■ ENTRIES PROVIDED:
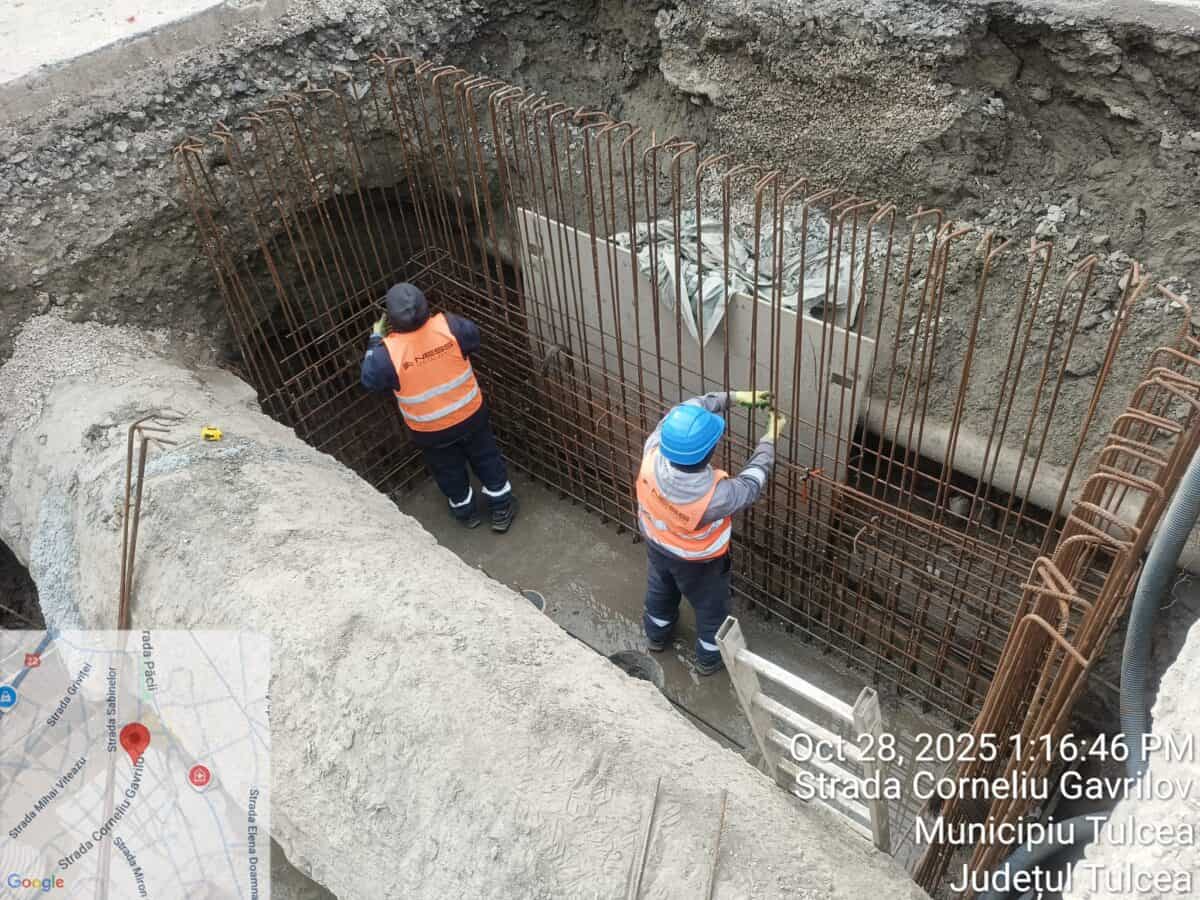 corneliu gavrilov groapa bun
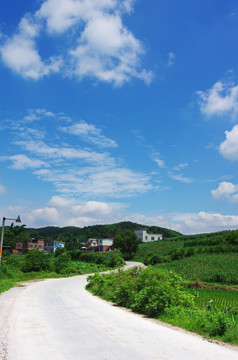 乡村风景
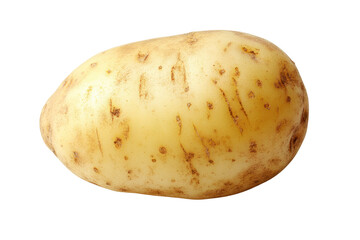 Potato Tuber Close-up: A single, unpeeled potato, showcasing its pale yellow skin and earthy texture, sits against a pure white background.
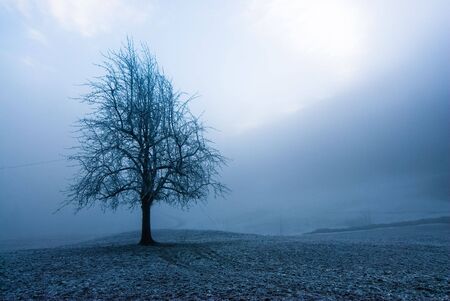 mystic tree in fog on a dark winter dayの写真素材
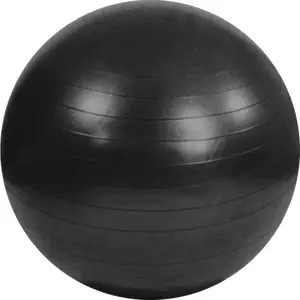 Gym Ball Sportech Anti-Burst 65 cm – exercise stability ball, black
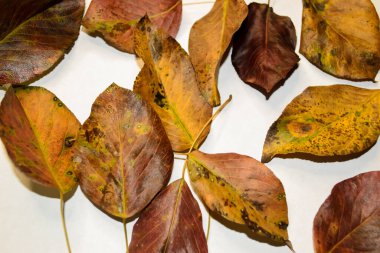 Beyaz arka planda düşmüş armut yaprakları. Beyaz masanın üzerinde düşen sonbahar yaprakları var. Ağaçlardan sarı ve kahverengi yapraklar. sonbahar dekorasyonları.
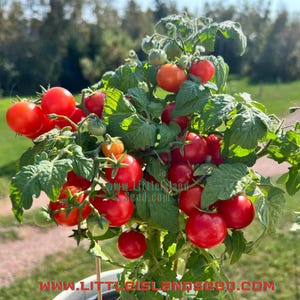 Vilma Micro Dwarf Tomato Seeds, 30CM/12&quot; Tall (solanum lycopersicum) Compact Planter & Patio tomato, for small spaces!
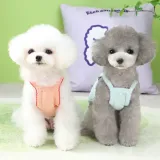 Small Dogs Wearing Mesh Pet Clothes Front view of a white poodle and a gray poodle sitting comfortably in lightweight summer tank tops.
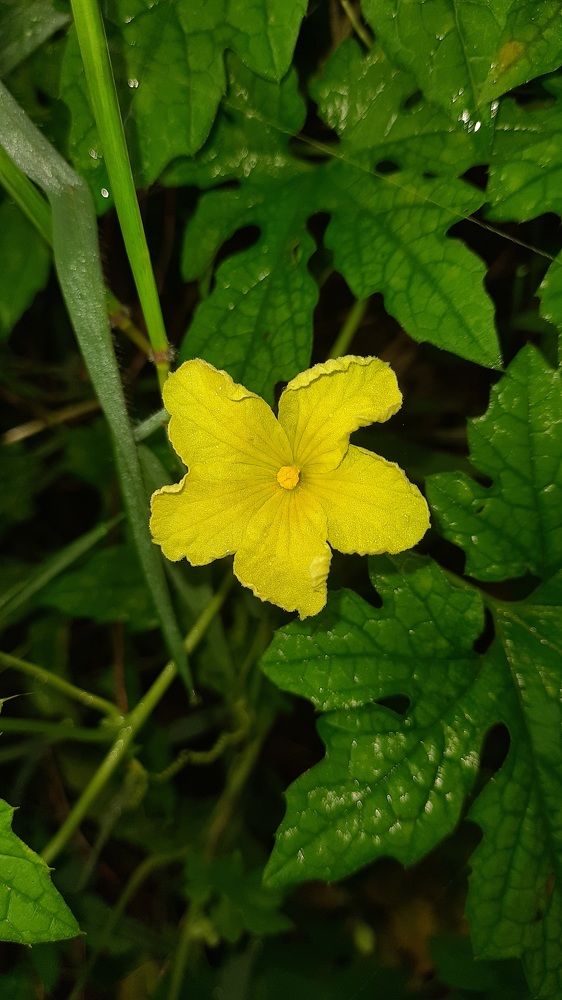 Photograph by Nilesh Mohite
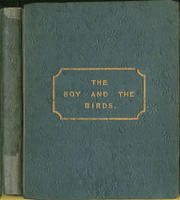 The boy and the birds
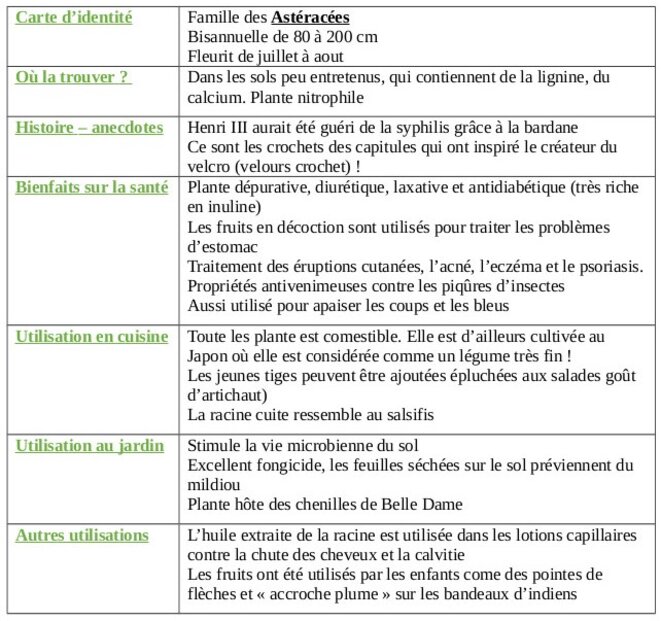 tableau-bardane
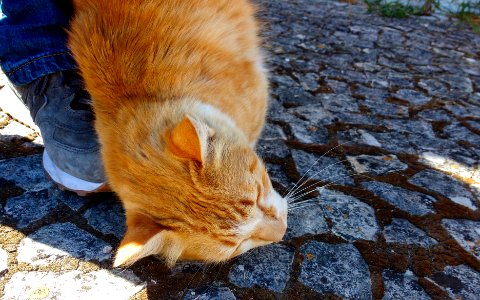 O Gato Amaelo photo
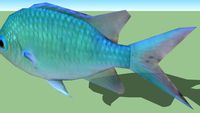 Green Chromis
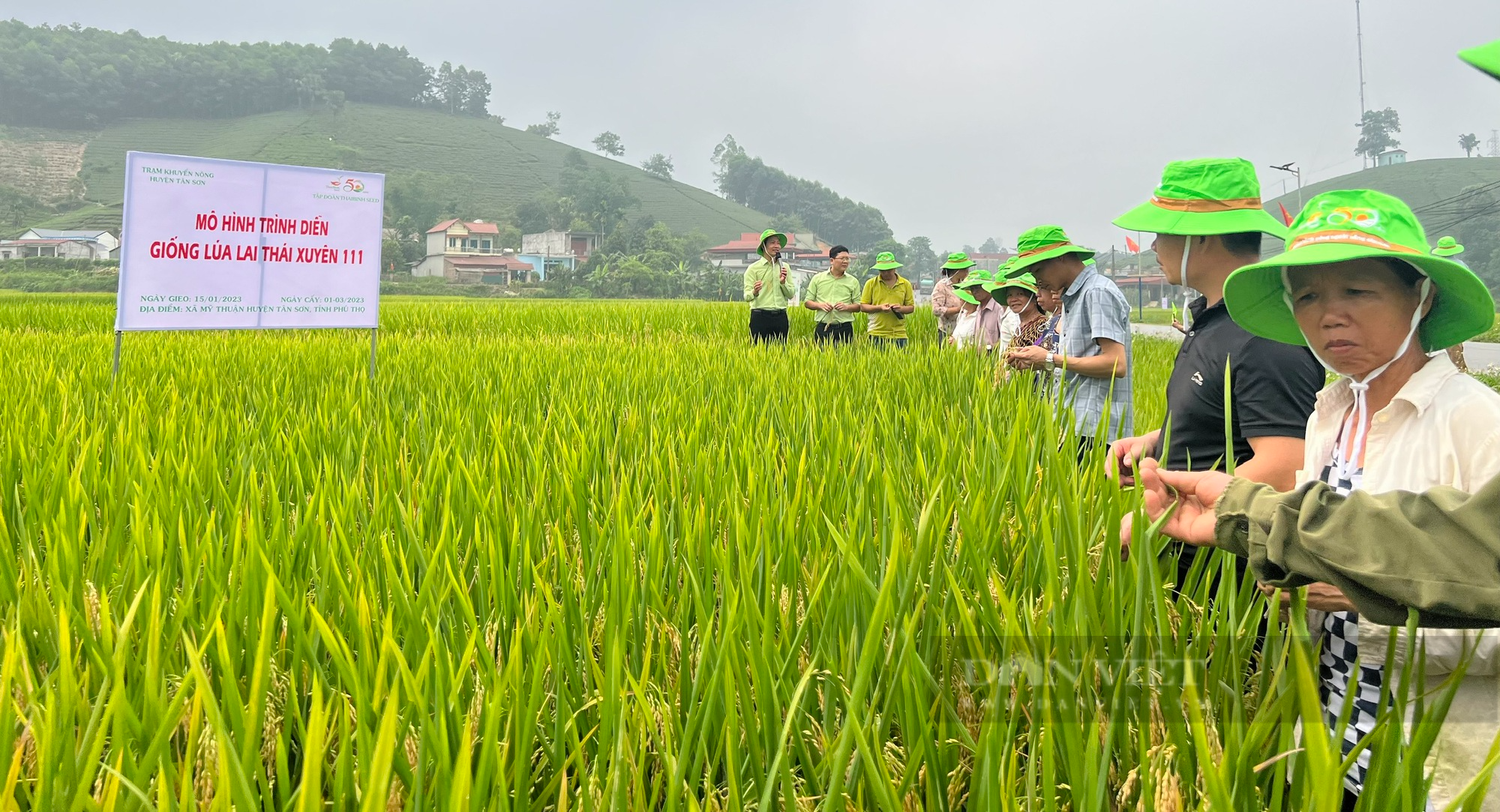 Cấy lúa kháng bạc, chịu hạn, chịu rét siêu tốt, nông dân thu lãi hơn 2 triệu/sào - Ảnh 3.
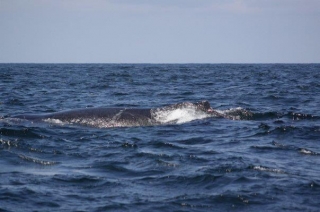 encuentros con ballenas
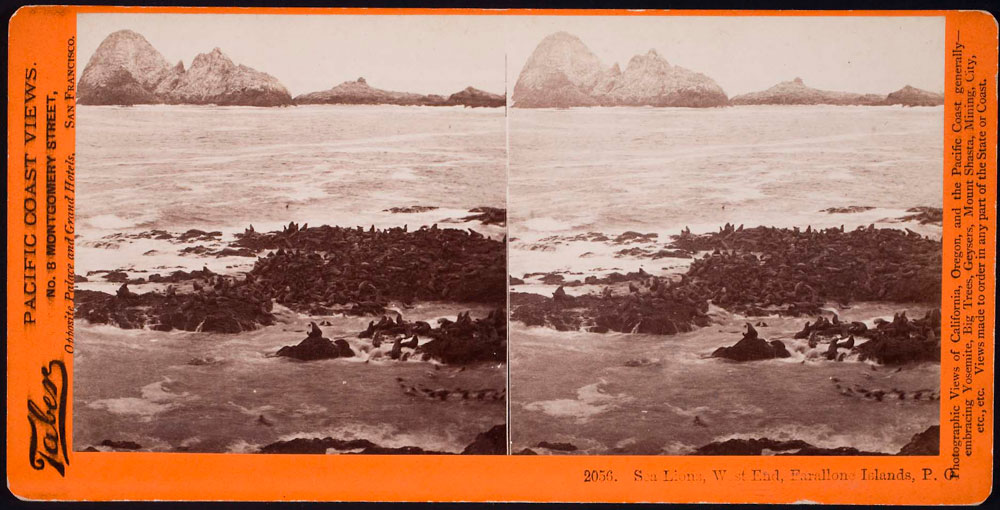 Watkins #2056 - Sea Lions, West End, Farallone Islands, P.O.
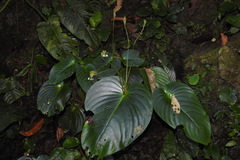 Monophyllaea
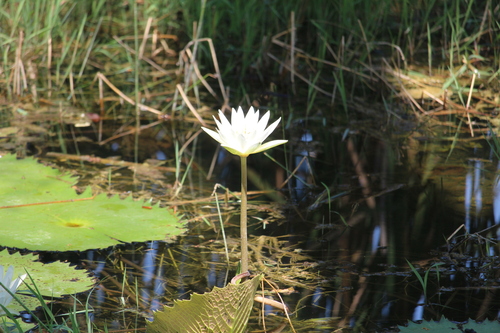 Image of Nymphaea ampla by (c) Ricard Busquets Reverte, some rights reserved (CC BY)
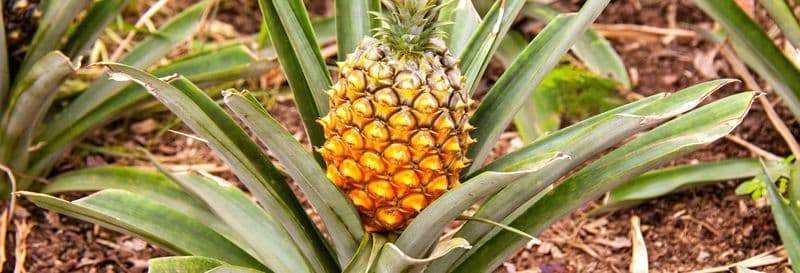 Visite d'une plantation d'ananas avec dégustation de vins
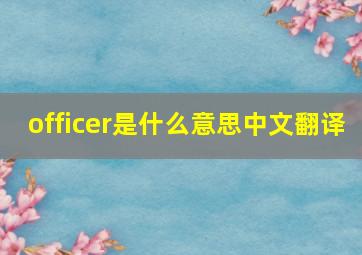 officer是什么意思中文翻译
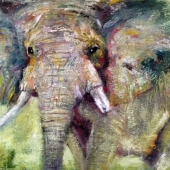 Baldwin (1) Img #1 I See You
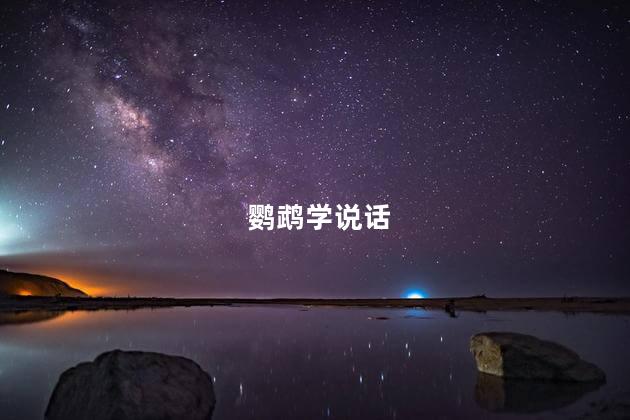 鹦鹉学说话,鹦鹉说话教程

■ ACTIVITY:
Can the lines from the one with "Potato Tuber Close-up: A" to the end of the records above be quoted exactly, both ends included, with every picture omitted?

■ THE ANSWER:
 Potato Tuber Close-up: A single, unpeeled potato, showcasing its pale yellow skin and earthy texture, sits against a pure white background.
 mystic tree in fog on a dark winter dayの写真素材
 Gym Ball Sportech Anti-Burst 65 cm – exercise stability ball, black
 Beyaz arka planda düşmüş armut yaprakları. Beyaz masanın üzerinde düşen sonbahar yaprakları var. Ağaçlardan sarı ve kahverengi yapraklar. sonbahar dekorasyonları.
 Vilma Micro Dwarf Tomato Seeds, 30CM/12&quot; Tall (solanum lycopersicum) Compact Planter & Patio tomato, for small spaces!
 Small Dogs Wearing Mesh Pet Clothes Front view of a white poodle and a gray poodle sitting comfortably in lightweight summer tank tops.
 Photograph by Nilesh Mohite
 The boy and the birds
 tableau-bardane
 O Gato Amaelo photo
 Green Chromis
 Cấy lúa kháng bạc, chịu hạn, chịu rét siêu tốt, nông dân thu lãi hơn 2 triệu/sào - Ảnh 3.
 encuentros con ballenas
 Watkins #2056 - Sea Lions, West End, Farallone Islands, P.O.
 Monophyllaea
 Image of Nymphaea ampla by (c) Ricard Busquets Reverte, some rights reserved (CC BY)
 Visite d'une plantation d'ananas avec dégustation de vins
 officer是什么意思中文翻译
 Baldwin (1) Img #1 I See You
 鹦鹉学说话,鹦鹉说话教程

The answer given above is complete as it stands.